_WHAT IS BEING ASKED_
Each line from the one that contains "CARY KEYHOLE TOP" through the end of the entries should be repeated exactly, with nothing added.

#####

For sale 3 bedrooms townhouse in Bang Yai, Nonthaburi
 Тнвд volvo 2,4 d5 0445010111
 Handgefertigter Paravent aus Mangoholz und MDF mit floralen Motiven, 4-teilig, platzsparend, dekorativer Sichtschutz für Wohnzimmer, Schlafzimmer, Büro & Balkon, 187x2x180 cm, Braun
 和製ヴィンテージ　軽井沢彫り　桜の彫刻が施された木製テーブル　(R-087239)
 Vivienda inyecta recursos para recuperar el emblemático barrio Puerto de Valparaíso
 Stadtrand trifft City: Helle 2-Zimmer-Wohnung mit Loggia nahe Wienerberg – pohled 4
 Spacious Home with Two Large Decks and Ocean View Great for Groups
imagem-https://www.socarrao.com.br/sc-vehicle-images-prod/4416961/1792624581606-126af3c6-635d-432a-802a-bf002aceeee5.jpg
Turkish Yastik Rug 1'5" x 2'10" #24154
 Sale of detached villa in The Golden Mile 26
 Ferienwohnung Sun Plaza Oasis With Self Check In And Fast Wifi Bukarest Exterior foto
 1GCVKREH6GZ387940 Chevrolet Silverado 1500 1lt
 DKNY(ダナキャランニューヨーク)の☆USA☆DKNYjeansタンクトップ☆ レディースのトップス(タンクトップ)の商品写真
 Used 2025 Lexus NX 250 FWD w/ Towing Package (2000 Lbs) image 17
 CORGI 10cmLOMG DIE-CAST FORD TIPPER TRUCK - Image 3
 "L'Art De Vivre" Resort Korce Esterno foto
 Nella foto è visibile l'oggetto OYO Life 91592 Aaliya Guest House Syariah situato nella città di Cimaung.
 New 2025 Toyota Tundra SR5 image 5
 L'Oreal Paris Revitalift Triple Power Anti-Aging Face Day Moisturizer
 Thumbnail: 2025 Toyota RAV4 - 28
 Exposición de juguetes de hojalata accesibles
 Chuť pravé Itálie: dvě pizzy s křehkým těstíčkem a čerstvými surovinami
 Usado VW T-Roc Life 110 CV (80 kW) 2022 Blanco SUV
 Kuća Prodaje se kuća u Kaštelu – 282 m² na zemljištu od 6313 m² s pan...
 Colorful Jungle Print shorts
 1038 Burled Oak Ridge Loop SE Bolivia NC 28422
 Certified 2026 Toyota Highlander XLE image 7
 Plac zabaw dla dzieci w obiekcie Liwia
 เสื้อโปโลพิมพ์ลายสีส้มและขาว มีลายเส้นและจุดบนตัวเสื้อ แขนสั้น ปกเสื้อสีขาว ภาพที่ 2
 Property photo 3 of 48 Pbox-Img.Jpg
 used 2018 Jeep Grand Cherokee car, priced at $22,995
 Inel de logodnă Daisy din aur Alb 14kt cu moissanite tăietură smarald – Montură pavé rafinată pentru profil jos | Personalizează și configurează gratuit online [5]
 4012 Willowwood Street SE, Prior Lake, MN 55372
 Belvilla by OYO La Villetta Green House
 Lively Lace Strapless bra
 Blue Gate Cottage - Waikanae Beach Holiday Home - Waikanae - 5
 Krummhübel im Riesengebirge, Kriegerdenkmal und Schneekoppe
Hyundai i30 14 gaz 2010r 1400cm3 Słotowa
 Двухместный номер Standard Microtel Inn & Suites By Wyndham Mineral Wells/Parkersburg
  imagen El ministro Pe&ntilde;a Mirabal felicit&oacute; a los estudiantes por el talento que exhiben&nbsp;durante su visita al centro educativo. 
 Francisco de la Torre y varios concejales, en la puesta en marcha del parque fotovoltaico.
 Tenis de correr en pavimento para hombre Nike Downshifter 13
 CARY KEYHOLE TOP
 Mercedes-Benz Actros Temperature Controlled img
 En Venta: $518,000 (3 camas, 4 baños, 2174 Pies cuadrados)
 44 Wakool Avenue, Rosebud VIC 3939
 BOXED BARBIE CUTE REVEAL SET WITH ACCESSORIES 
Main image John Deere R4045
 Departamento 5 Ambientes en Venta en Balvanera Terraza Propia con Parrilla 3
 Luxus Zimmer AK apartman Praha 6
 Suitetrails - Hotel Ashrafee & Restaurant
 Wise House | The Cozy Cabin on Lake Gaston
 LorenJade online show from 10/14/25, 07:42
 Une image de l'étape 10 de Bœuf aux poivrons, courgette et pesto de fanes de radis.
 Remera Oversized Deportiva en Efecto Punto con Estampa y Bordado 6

#####

_ANSWER BOX_
 CARY KEYHOLE TOP
 Mercedes-Benz Actros Temperature Controlled img
 En Venta: $518,000 (3 camas, 4 baños, 2174 Pies cuadrados)
 44 Wakool Avenue, Rosebud VIC 3939
 BOXED BARBIE CUTE REVEAL SET WITH ACCESSORIES 
Main image John Deere R4045
 Departamento 5 Ambientes en Venta en Balvanera Terraza Propia con Parrilla 3
 Luxus Zimmer AK apartman Praha 6
 Suitetrails - Hotel Ashrafee & Restaurant
 Wise House | The Cozy Cabin on Lake Gaston
 LorenJade online show from 10/14/25, 07:42
 Une image de l'étape 10 de Bœuf aux poivrons, courgette et pesto de fanes de radis.
 Remera Oversized Deportiva en Efecto Punto con Estampa y Bordado 6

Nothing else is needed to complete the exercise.